__EXERCISE PROMPT__: Each line, starting at the one with "Chart of stocks above 40-day MA" and running to the end of the data below, is to be set down again exactly, both ends included; leave pictures out.

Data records
Start of Block

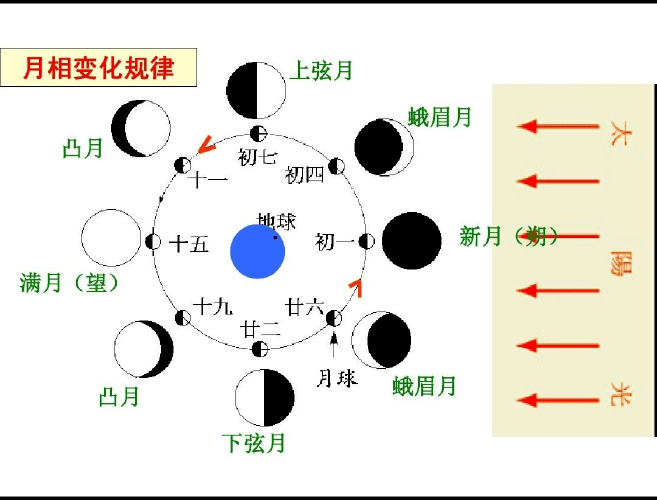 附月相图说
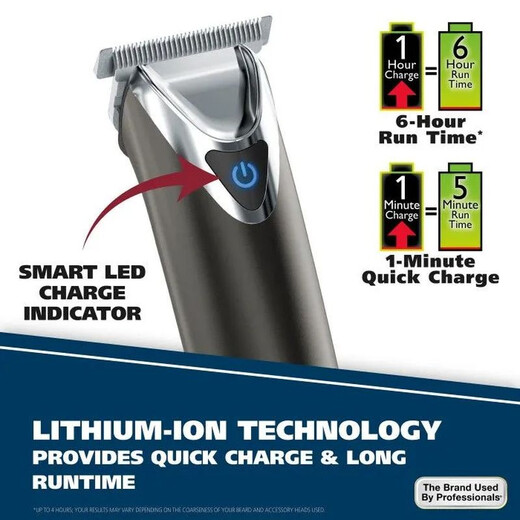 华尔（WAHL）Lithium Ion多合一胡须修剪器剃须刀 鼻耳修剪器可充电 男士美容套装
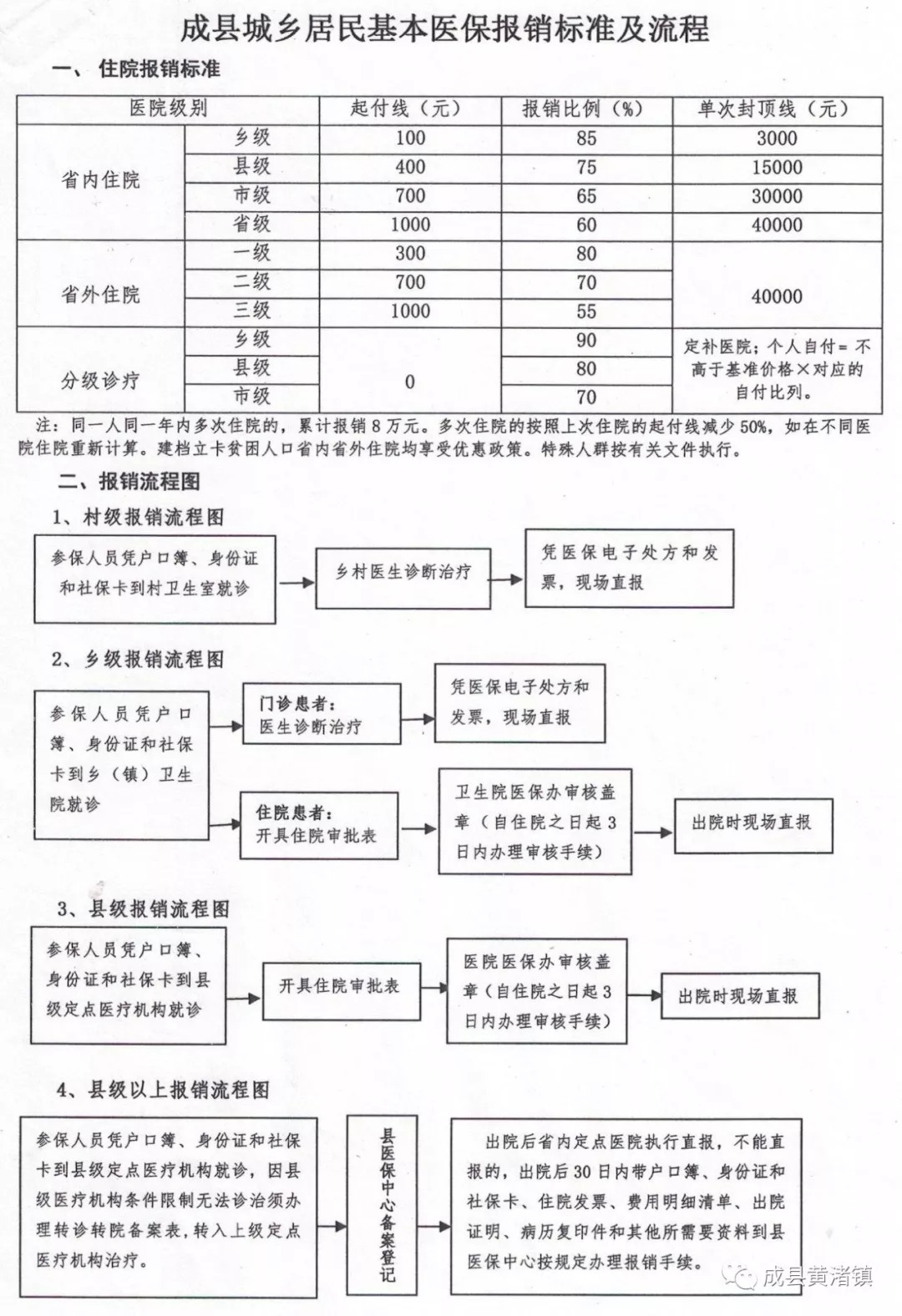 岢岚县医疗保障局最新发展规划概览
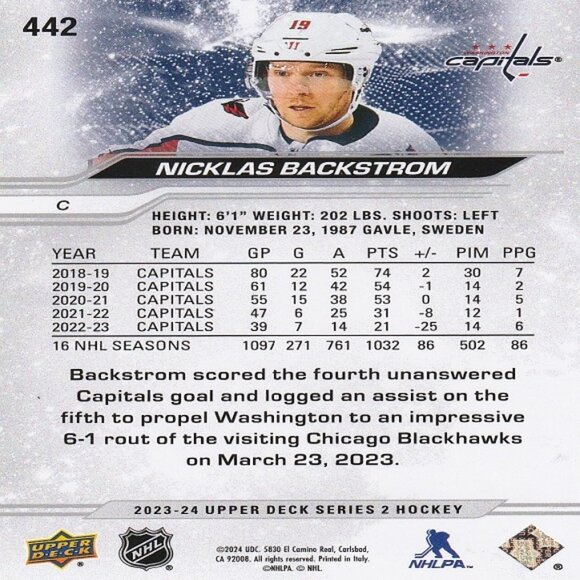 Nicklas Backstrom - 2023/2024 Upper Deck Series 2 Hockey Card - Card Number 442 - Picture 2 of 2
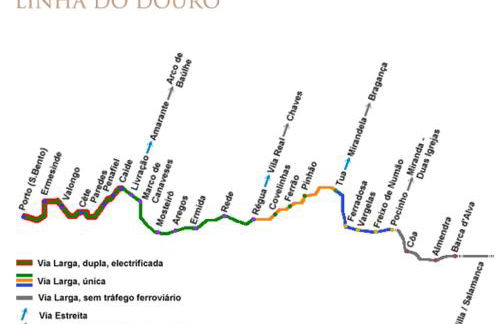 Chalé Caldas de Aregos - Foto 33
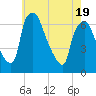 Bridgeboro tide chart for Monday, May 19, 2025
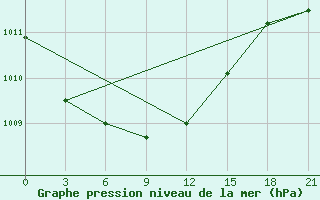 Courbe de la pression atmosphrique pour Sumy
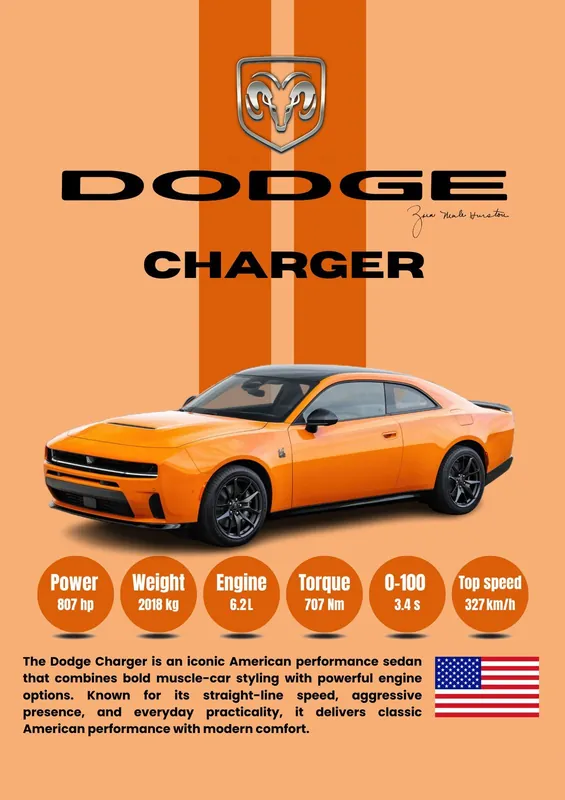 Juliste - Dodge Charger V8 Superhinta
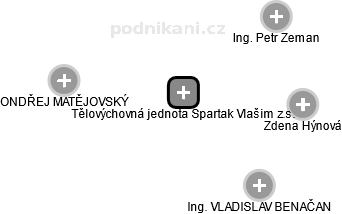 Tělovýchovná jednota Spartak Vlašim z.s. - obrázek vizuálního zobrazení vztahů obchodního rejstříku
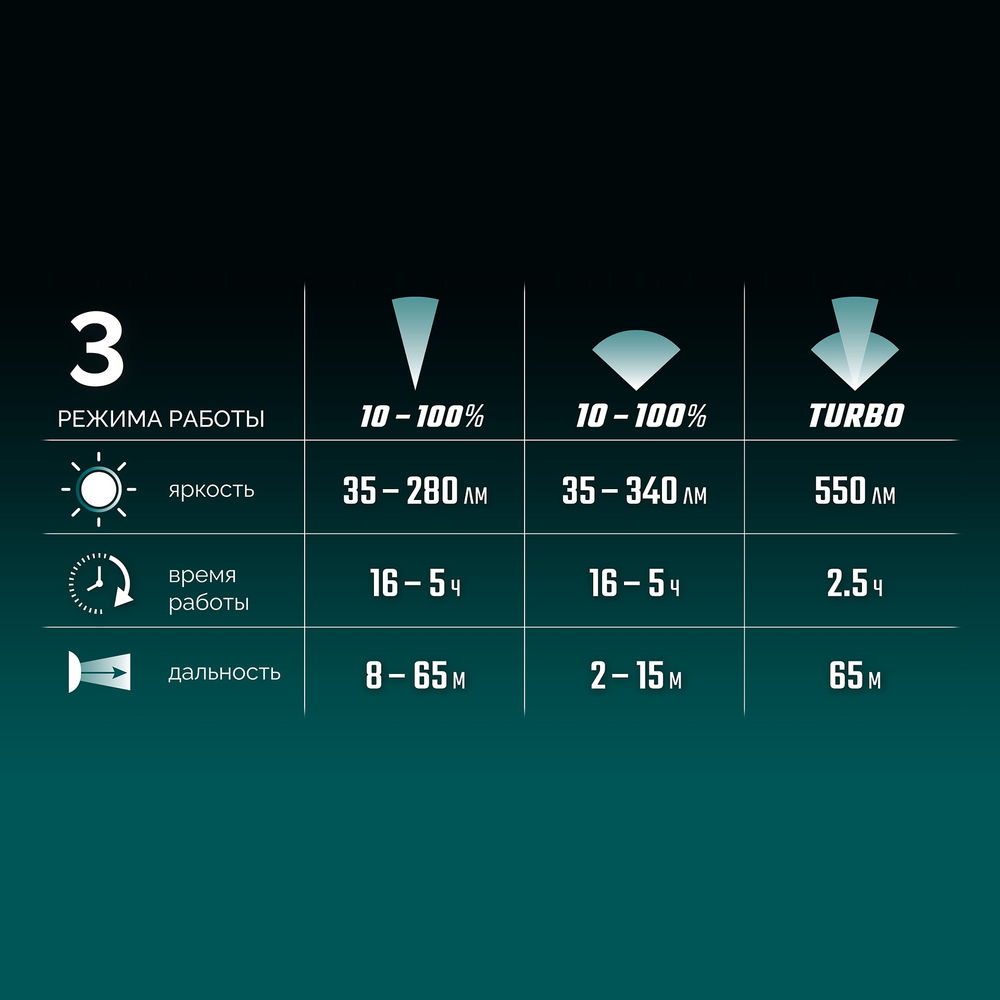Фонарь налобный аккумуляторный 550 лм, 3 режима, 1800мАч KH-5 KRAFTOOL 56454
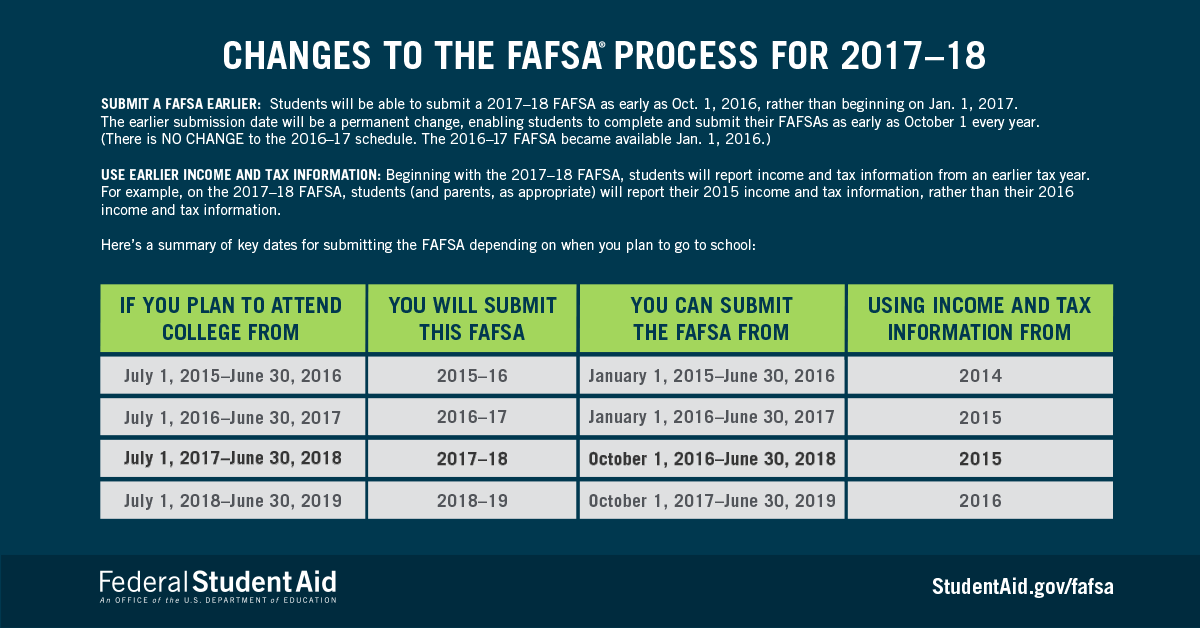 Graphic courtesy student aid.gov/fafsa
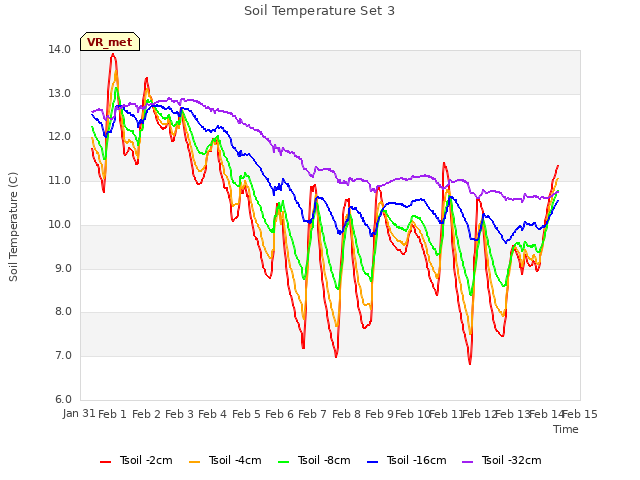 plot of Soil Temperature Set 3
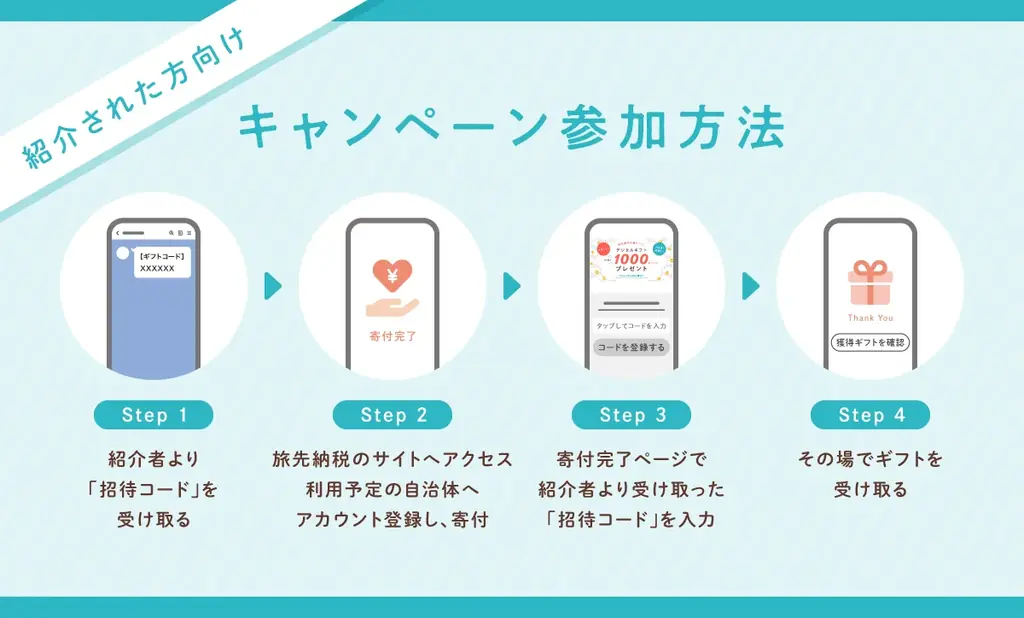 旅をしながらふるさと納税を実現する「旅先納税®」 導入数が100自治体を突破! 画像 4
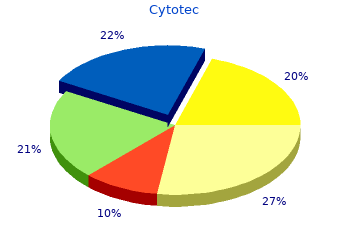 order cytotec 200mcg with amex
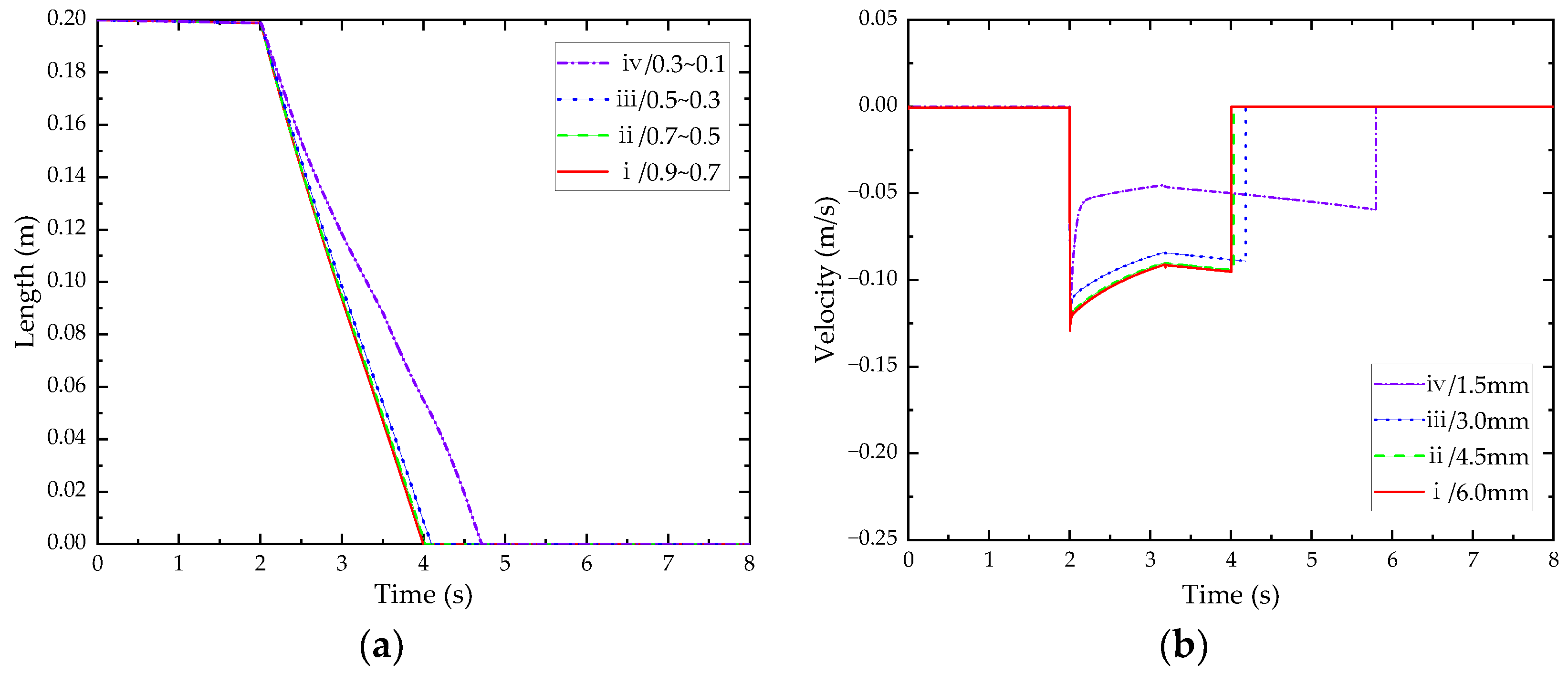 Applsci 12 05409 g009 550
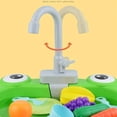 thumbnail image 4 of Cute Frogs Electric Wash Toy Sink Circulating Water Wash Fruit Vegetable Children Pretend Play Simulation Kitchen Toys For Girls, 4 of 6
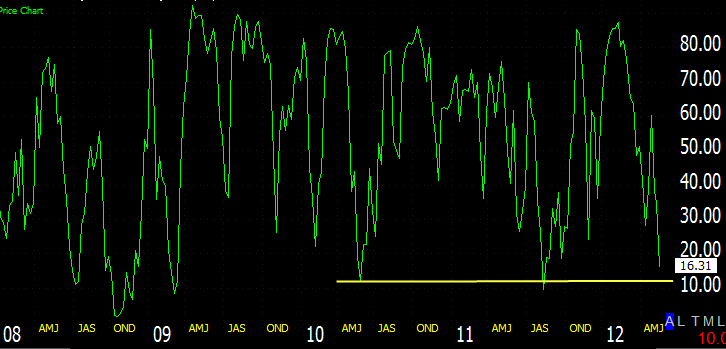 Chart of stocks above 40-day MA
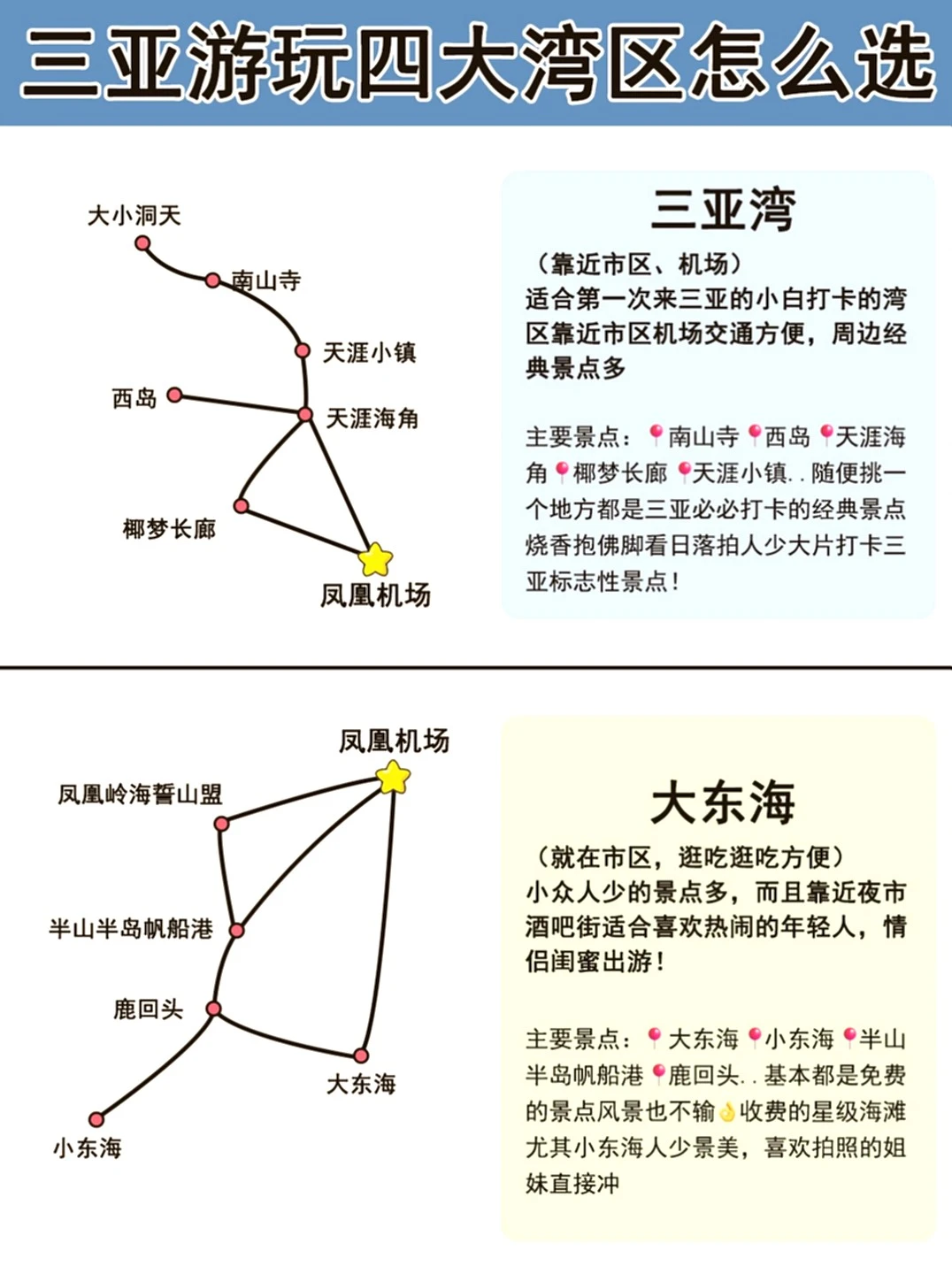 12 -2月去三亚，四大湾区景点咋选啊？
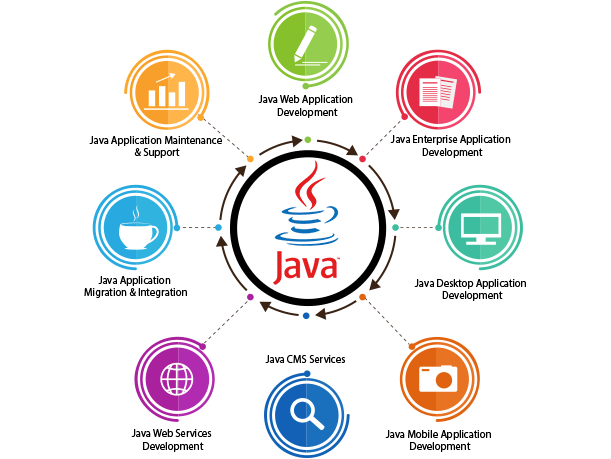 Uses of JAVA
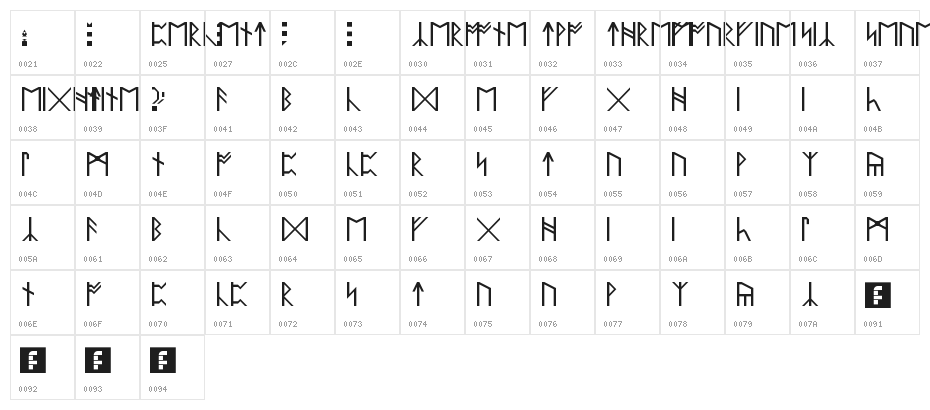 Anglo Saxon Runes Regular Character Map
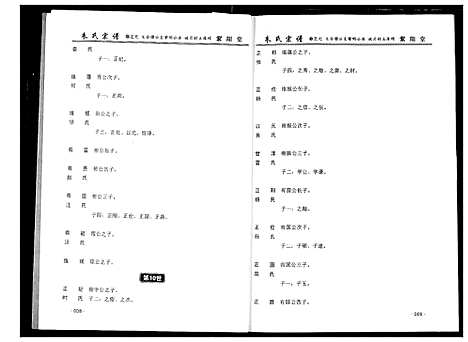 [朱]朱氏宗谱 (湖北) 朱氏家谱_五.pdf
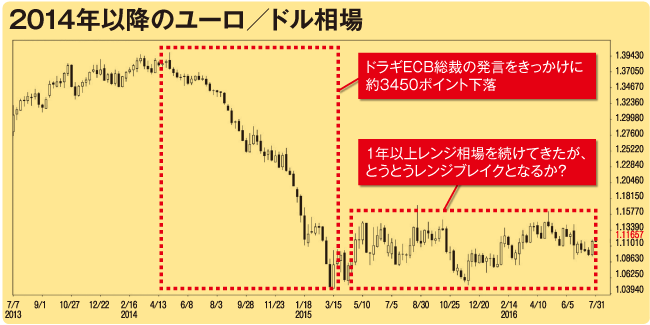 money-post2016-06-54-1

End of Block

__RESULT FOR THIS EXERCISE__:
 Chart of stocks above 40-day MA
 12 -2月去三亚，四大湾区景点咋选啊？
 Uses of JAVA
 Anglo Saxon Runes Regular Character Map
 [朱]朱氏宗谱 (湖北) 朱氏家谱_五.pdf
 money-post2016-06-54-1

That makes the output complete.